Après la mise en garde vient la sanction. L’Arcom (ex-CSA) a saisi la justice 8 mars et demande le blocage de 5 sites pornographiques: Pornhub, Tukif, XHamster, Xnxx et Xvidéos. Le gendarme de l’audiovisuel avait adressé une injonction aux plateformes et laissé 15 jours pour se mettre en conformité avec la loi. Les constats d’huissiers reçus par l’autorité montrent que les hébergeurs n’ont pas respecté ces délais.
Depuis le vote de la loi contre les violences conjugales en 2020, un amendement précise que les sites ne peuvent plus se contenter de demander aux internautes de déclarer qu’ils sont majeurs en cliquant sur une simple case. Avec l’entrée en vigueur de cette législation et le décret d’application paru en octobre, l’Arcom a la capacité de saisir la justice. En fonction de la décision du juge, les fournisseurs d’accès à internet seront contraints ou non de bloquer l’accès aux sites incriminés. En cas de blocage, les visiteurs du site pornographique seront renvoyés vers une page dédiée de l’Arcom.
Aucune consigne officielle
Les diffuseurs de contenus pornographiques sont donc tenus, en théorie, de contrôler l’âge de leurs visiteurs. Mais comment ? Il n’existe à ce jour aucune méthode légale pour y parvenir. Le régulateur lui-même n’a jamais donné de lignes directrices aux plateformes.

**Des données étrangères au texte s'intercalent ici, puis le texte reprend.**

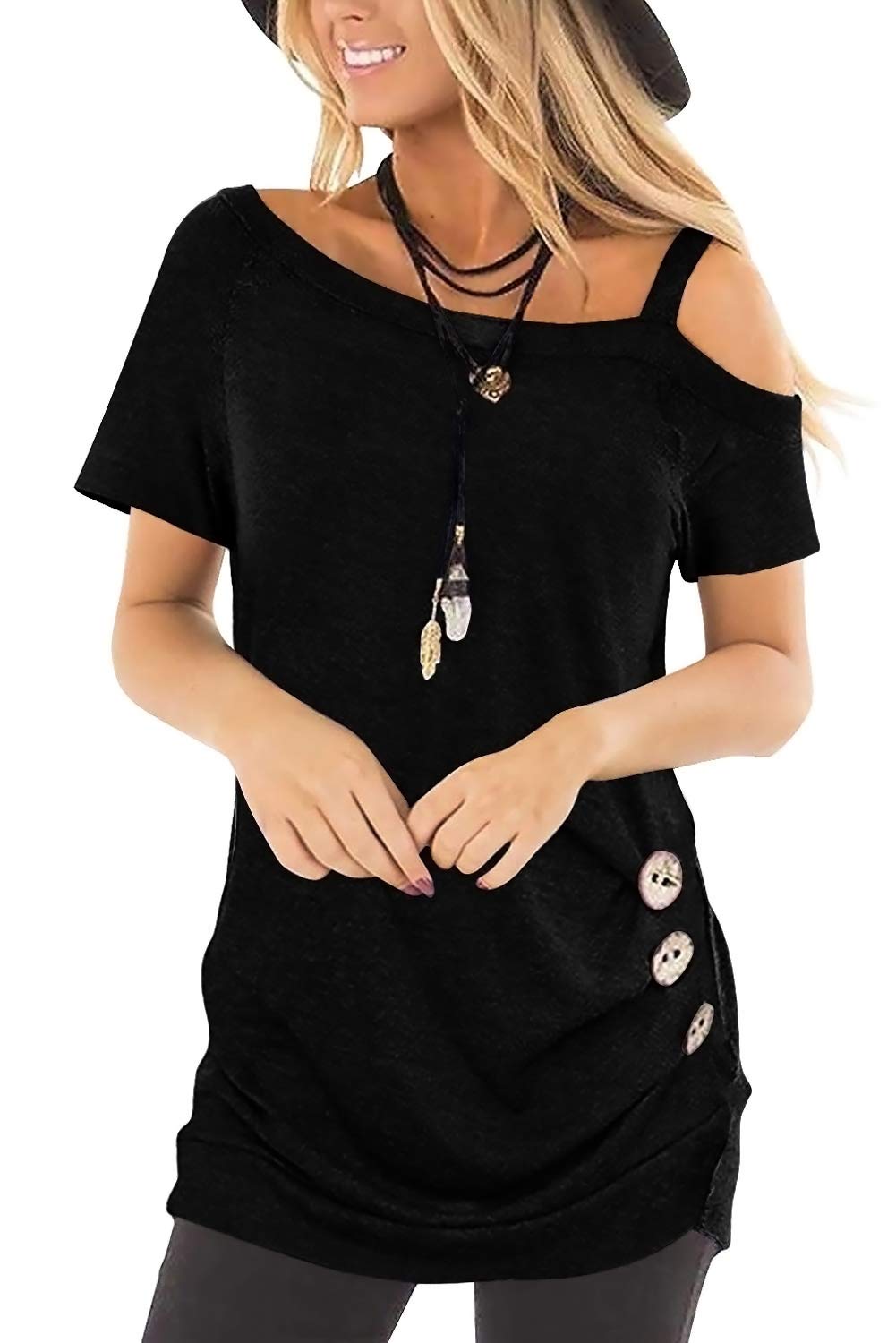 Ladybranch Women's Summer Tops - Casual Stretch Elastic T-Shirts & Cold Shoulder Tunics with Side Buttons | Perfect for Beach Outfits, Vacation Wear & Everyday Casual Style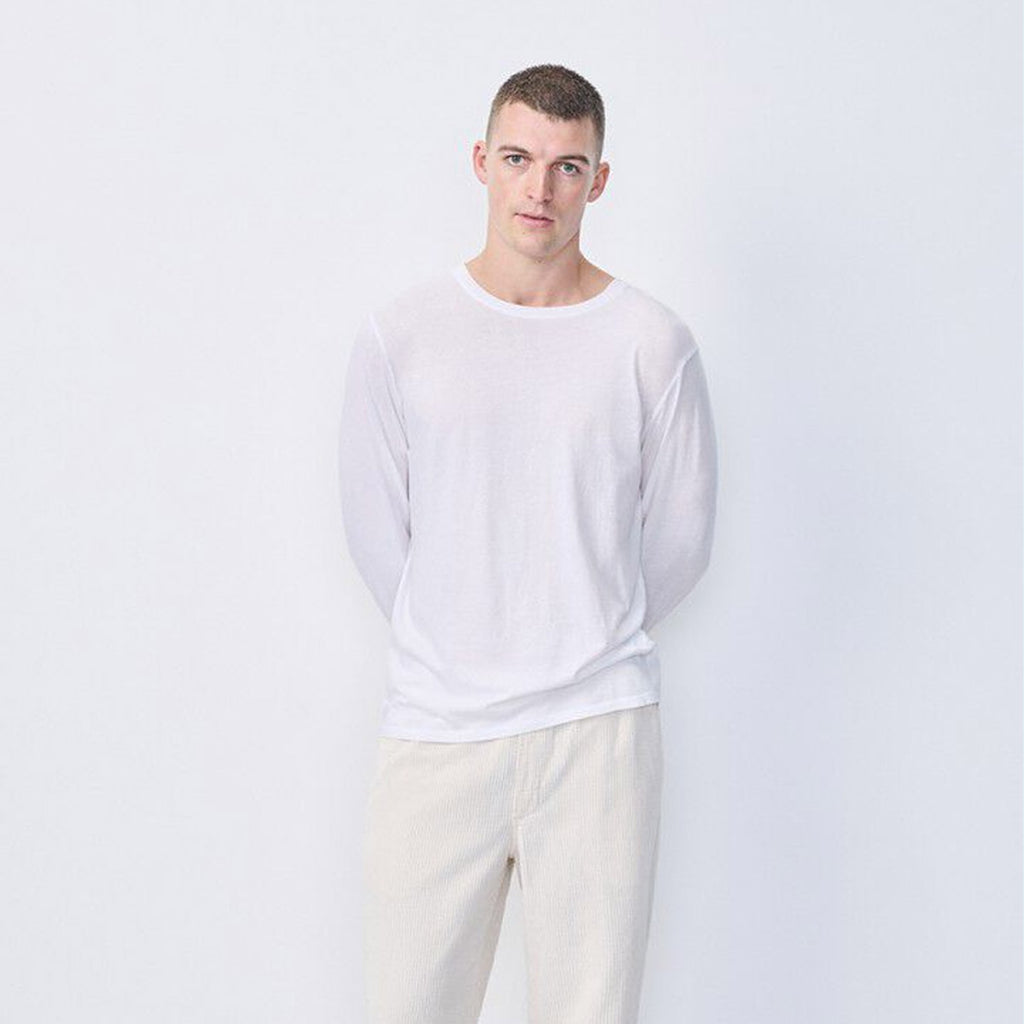 American Vintage Mens Decatur L/S Tee - WHITE - Collector Store Sydney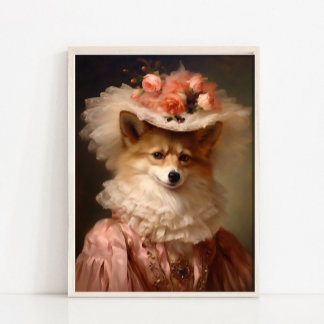 Poster Lady Fox Vintage Portrait Art Print, Renaissance 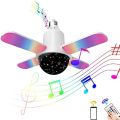 LED Four-leaf Bluetooth Music Lamp Colorful Intelligent Audio Folding Bulb Lamp+Remote Control Deformable Ceiling Fixture Lights. 
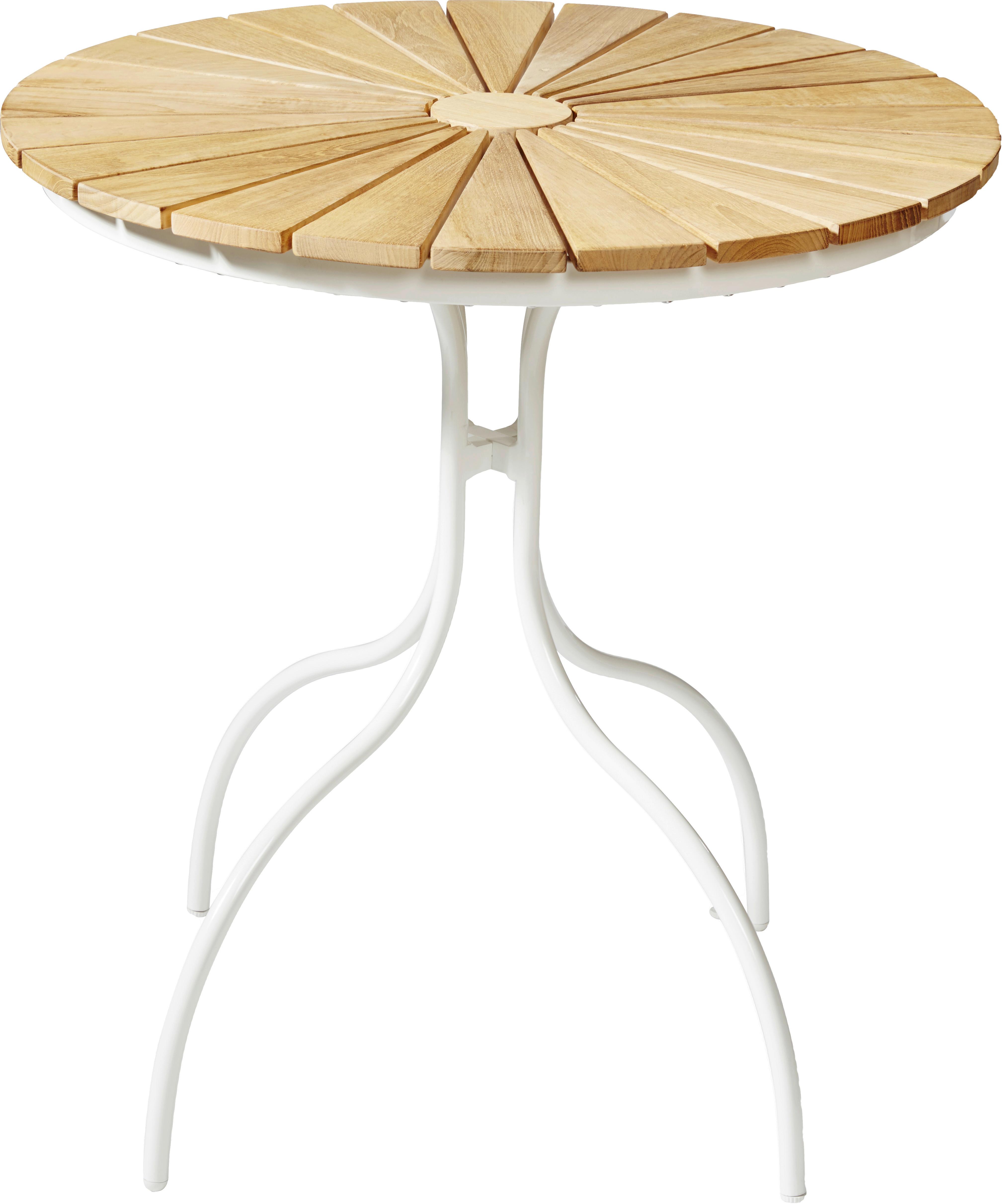 Gartentisch Ellen Teakholz rostfrei Ø ca. 80cm - Weiß Hochglanz/Teakfarben, KONVENTIONELL, Holz/Metall (80cm) - Gardenson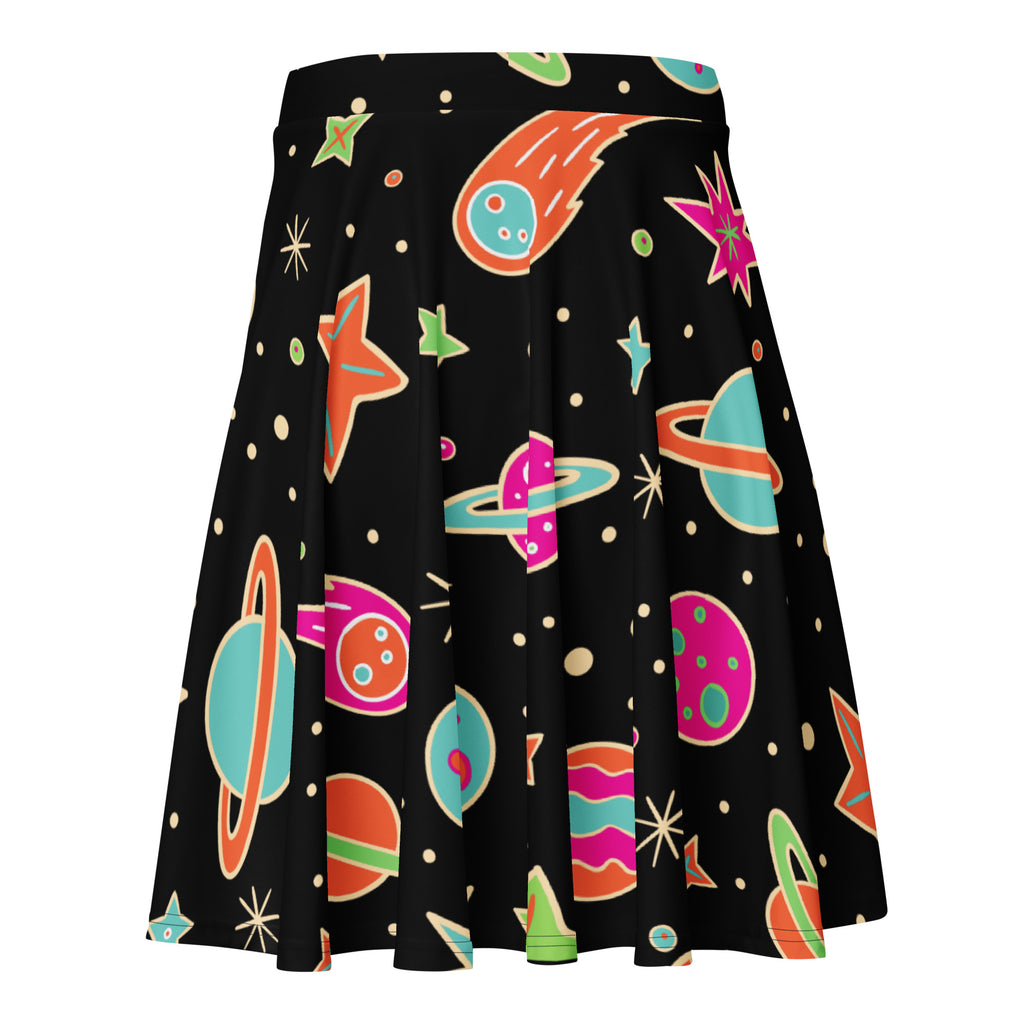 Women’s retro black pleated space skater skirt with colorful planet print, high waisted, UPF 50+, recycled fabric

Dans son avis rendu le 3 juin 2021, la Commission nationale de l’informatique et des libertés (Cnil) a décrété qu’un système de vérification qui collecte des informations sur l’identité des internautes serait, dans ce contexte, illégal et risqué. « Une telle collecte de données présenterait, en effet, des risques importants pour les personnes concernées dès lors que leur orientation sexuelle – réelle ou supposée – pourrait être déduite des contenus visualisés et directement rattachée à leur identité », alerte le gendarme des données privées.
Face à ces contradictions légales, la sénatrice Les Républicains Marie Mercier, rapporteuse de l’amendement, rappelait en novembre que c’est aux sites de trouver une solution : « Je ne veux pas savoir comment ils se débrouillent, mais ils doivent trouver une solution. La loi, c’est la loi. »
Des solutions peu coûteuses
Du côté des sites pornographiques, l’option mise en avant est un recours à des tiers vérificateurs, des sociétés spécialisés dans la vérification d’identité. Ils servent d’intermédiaires entre les sites et les utilisateurs, garantissant au passage l’anonymat. Ces services s’achètent «à partir de 500 euros», comme l’indiquait Grégory Dorcel, directeur général du groupe Dorcel à l’AFP.
Les réticences des plateformes face à la régulation proviennent de leur modèle économique. La plupart des recettes qu’ils perçoivent viennent de la publicité. En bloquant l’entrée de certains publics, ou en décourageant d’autres, leurs revenus risquent de s’effondrer. Il reste cependant difficile de jauger de l’impact de telles mesures, les acteurs restants très discrets sur leurs audiences et les sommes engrangées.